Ai Weiwei: Conceptual Artist, Filmmaker & Human Rights Activist

Transcript

LAURA FLANDERS & FRIENDS

Ai Weiwei: How Do We Save Our Humanity?

LAURA FLANDERS: How do we keep the doors of our minds open to possibility and to fresh questions in a time when so many avenues to peace, justice, health, and fresh thinking seemed cut off or out of reach? In his recent graphic memoir titled “Zodiac,” the world renowned Artist, Ai Weiwei, writes that artists have a special role. They should ignite stories, fight for freedom, and help us hope. Over his long defiant career, Ai Weiwei has done just that using his art in a wide variety of media. His works such as “Sunflower Seeds” and “Remembering” confront issues of censorship and human rights abuses in China. In a recent show, he asked questions of an AI chatbot among which was, is there hope for peace? Ai Weiwei has faced censorship by the Chinese government and also in the West. He had a show canceled not so long ago in London after he expressed support for Palestinian rights. In 2011, he was arrested at the Beijing Airport and held for 81 days without charge. He’s been living in exile since 2015. He’s joining me today from where he stays now with his family in Portugal. And it is my great honor and privilege to welcome to our program Ai Weiwei.

AI WEIWEI: Thank you.

LAURA FLANDERS: It is such a pleasure to have you here on the program with me. And I’m gonna ask you the question that I begin all of our conversations with simply to perhaps ground ourselves. Who or what is uppermost in your mind or on your heart as we start to speak today?
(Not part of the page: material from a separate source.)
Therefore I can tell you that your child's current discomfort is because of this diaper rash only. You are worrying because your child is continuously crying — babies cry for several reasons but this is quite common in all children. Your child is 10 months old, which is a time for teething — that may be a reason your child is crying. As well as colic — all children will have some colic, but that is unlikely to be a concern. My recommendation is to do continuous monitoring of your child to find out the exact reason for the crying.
AI WEIWEI: Well, at this moment, nothing are more, we cannot really erase the images of the people in Palestine. This is, nobody can really erase those images. And we never had a time like this, not in my life and not in anybody’s life. The images has been so massively covered and brutally showing in front of the public.

LAURA FLANDERS: You just wrapped up a project in London that beamed on the lights of Piccadilly Circus in which you asked an artificial intelligence chatbot about the meaning of life, “81 Questions”. It was described I saw as an 81-day quest for enlightenment. Can you describe that project a little bit more and what you made of AI’s answers and were you enlightened by any of it?
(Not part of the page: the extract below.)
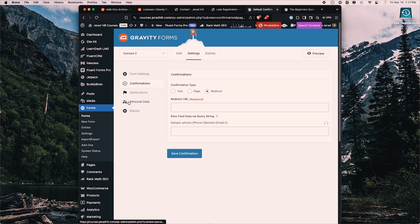If you have certain integrations with your site — for example, Klaviyo is an email marketing platform integrated with Gravity Forms on my site — if somebody fills out a form and checks the box to be notified of course updates or added to my newsletter, it sends their information to my Klaviyo account and automatically subscribes them to the appropriate list.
AI WEIWEI: First, I think in this very critical historical moment, every answer needs to be re-asked and we have to restart again with humanity, with very basic essential questions. To ask questions is the starting point to seeking for the truth and to find out who we are. And very often we forget about those answers. So I use the possibility to ask the questions to AI, happens my name is a little bit similar with AI. So yes, we both give answers. I would give answers before AI gave the answer to see how much it matches and how much difference we have. And I think that is the point. Everybody need to ask a question or ask dozens of questions about who we are and where we are going.
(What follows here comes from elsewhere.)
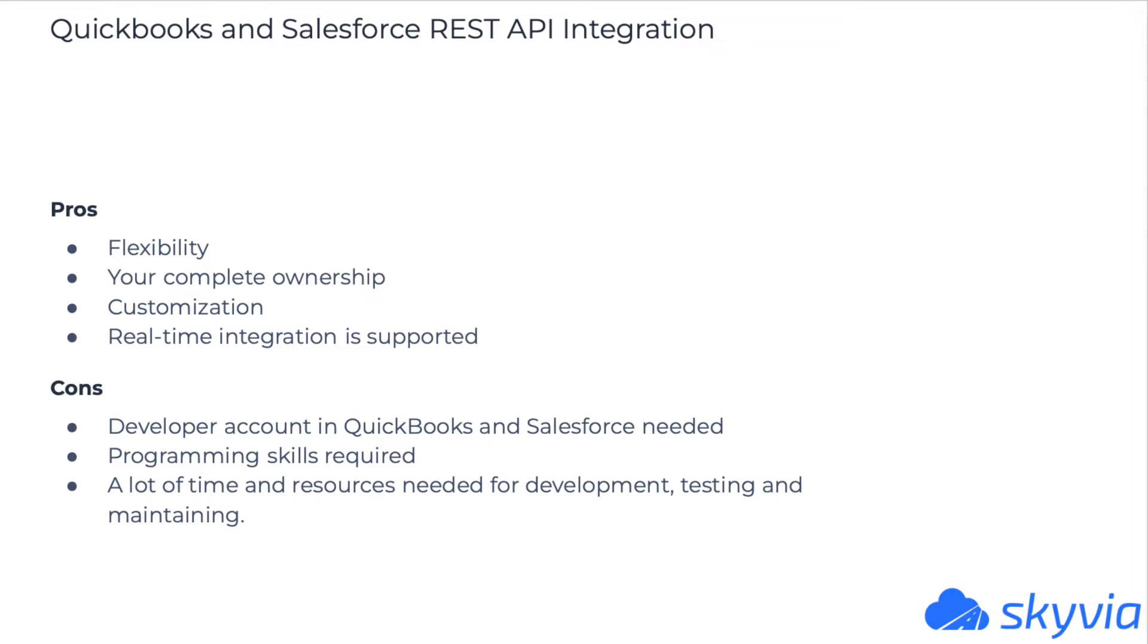Cons: You need to develop your account in QuickBooks and developer edition in Salesforce to use this method. It requires programming skills. It is complicated and requires a lot of time and resources for development, testing, and further maintaining.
LAURA FLANDERS: And did you get enlightened? How did you compare with AI?

AI WEIWEI: I would say AI does 80 to 90% of the job. You know, the answer could be matched in many ways but one needs the individual thinking to make judgment. I think AI is not capable because AI is just collecting information.

LAURA FLANDERS: Do you have hope or fear around technology or both?

AI WEIWEI: In speaking of technology, I think that technology liberates people in every case. Every individual seems they are so much involved and so much drawn toward or by the technology. You cannot stop them, everybody, it’s impossible. It has almost become like air or water. So, but what will come out of it, nobody knows. And still, technology will not just develop as technology, but stills need someone have a brain and have emotion, have ability to make technology become humanized. But still it need to be employed by the right people, not by the wrong people. Still can be very evil can be very dangerous to humanity.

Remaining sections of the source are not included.